### Description of the task
For this exercise, the lines from the one with "LEGO MOC - Потому" through the final line of the data below are to be transcribed exactly, and pictures are to be skipped.

### Data for review
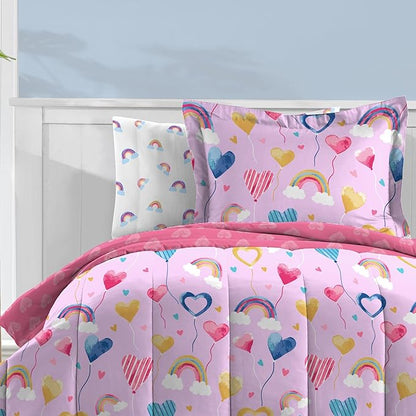 Dream Factory Kids 5-Piece Complete Bed Set Easy-Wash Super Soft Microfiber Comforter Bedding, Twin, Lilac Balloon Hearts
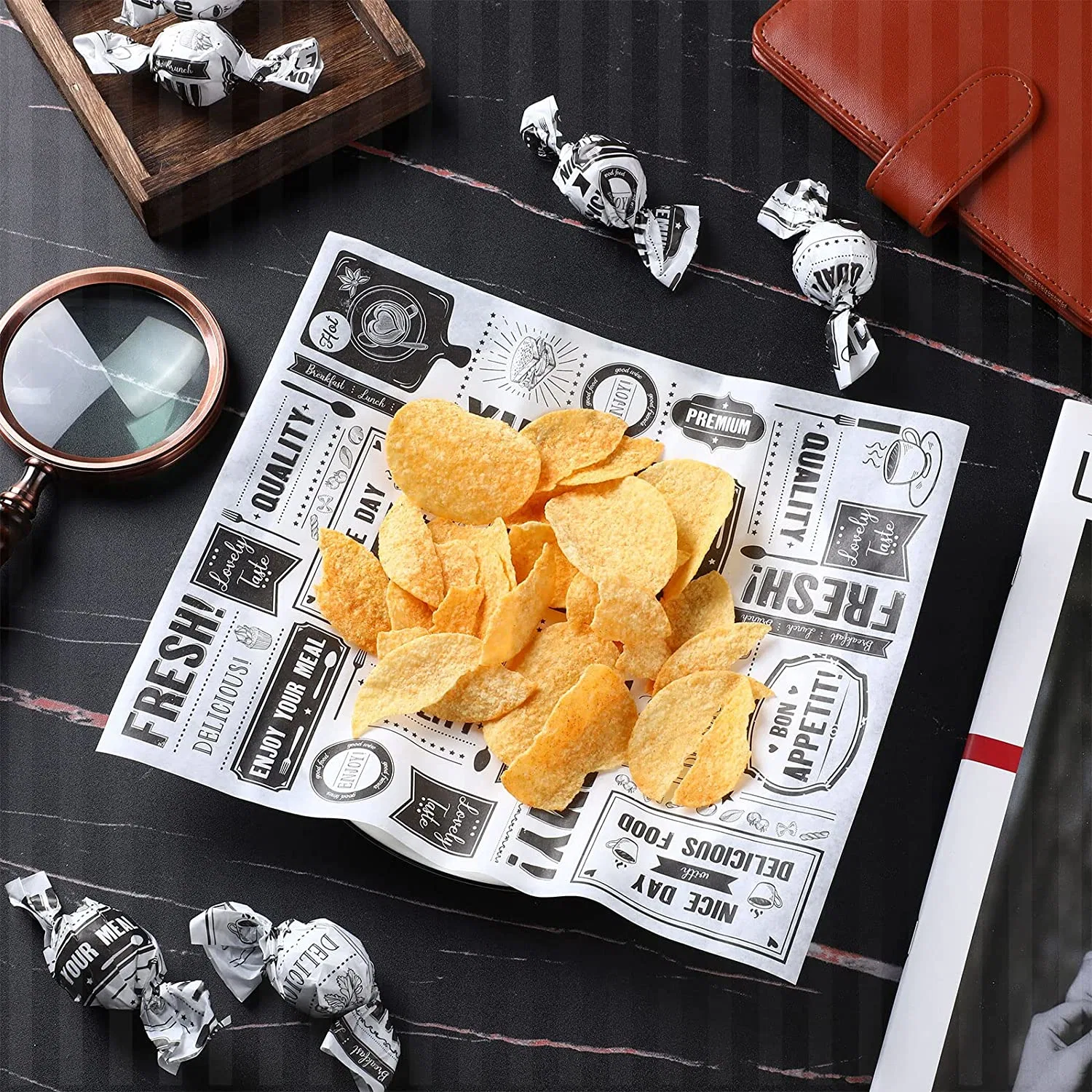 Newsprint Wax Paper Greaseproof Tray Liners Waterproof Wrapping Tissue Food Picnic Paper for Home Kitchen Baking Paper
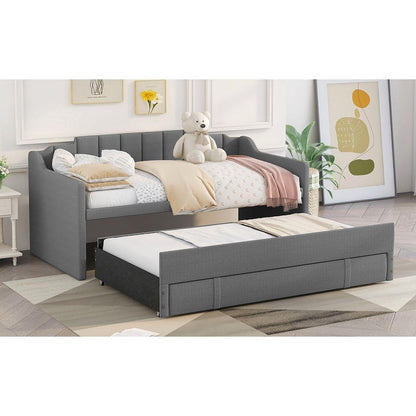 Twin Size Upholstered Daybed with Trundle and Three Drawers,Grey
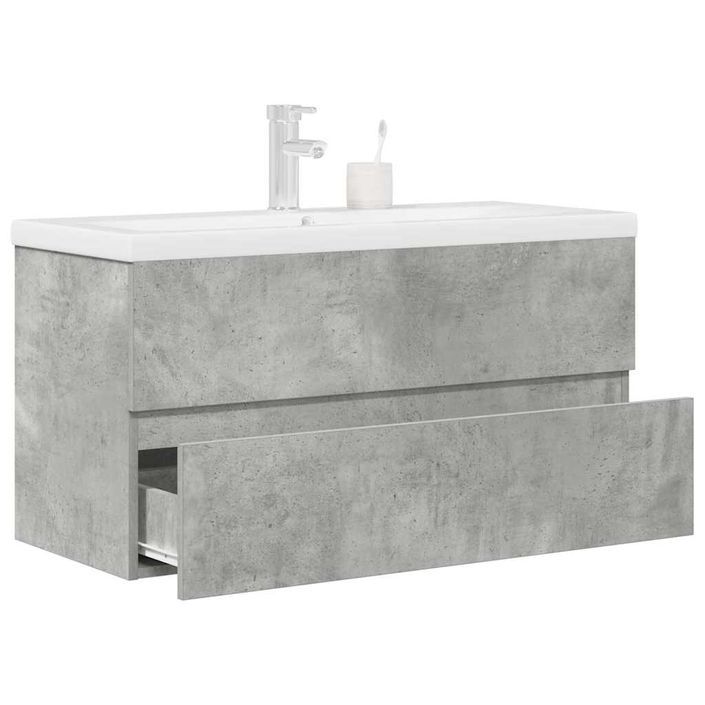 Ensemble de meubles de salle de bain 2 pcs gris béton - Photo n°1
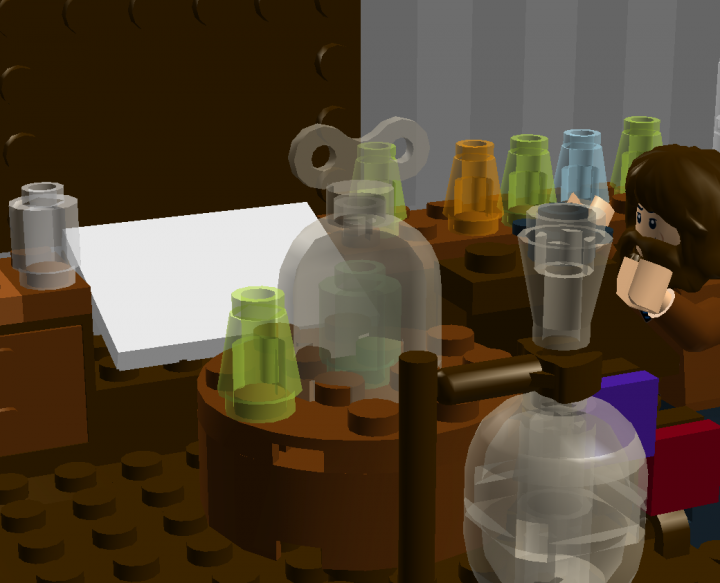 LEGO MOC - Потому что мы можем! - Д.И Менделеев: критическая температура: Какая-то большая колба на столе. Рядом стоит пузырёк с чем-то.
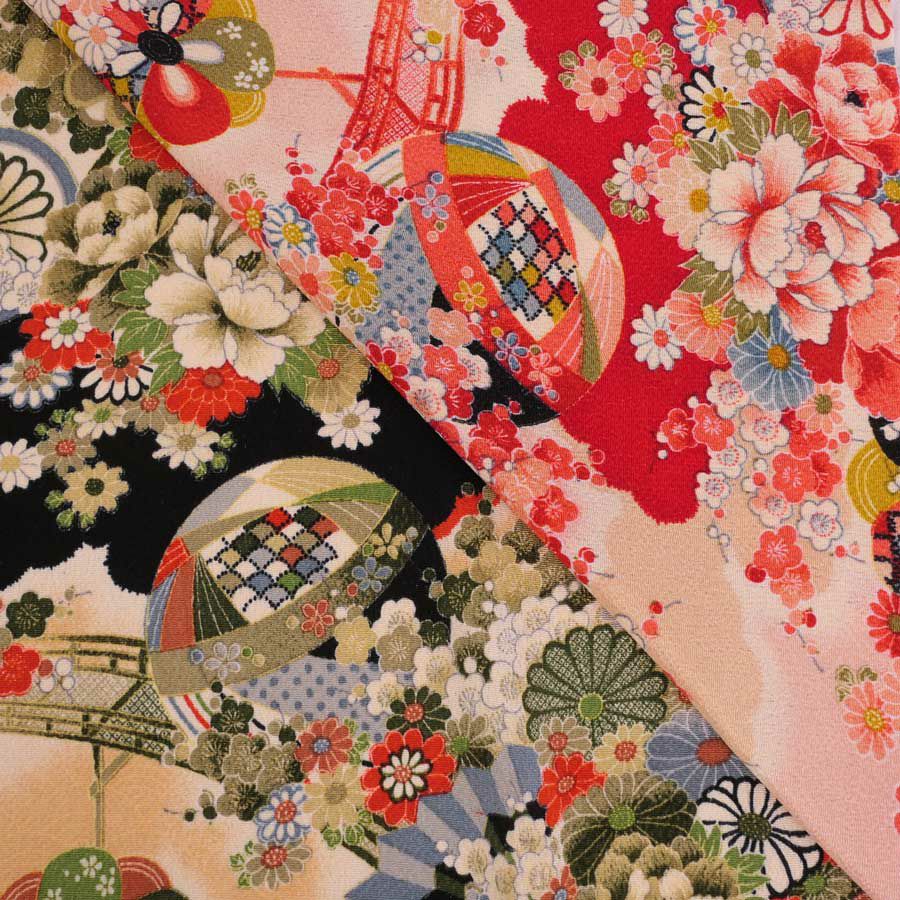 古布再現ちりめん生地 水辺の花景色(黒) 10cm単位 切り売り ビンテージ感ただよう手染めレーヨン縮緬/チリメン 七五三着物柄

### Reply
 LEGO MOC - Потому что мы можем! - Д.И Менделеев: критическая температура: Какая-то большая колба на столе. Рядом стоит пузырёк с чем-то.
 古布再現ちりめん生地 水辺の花景色(黒) 10cm単位 切り売り ビンテージ感ただよう手染めレーヨン縮緬/チリメン 七五三着物柄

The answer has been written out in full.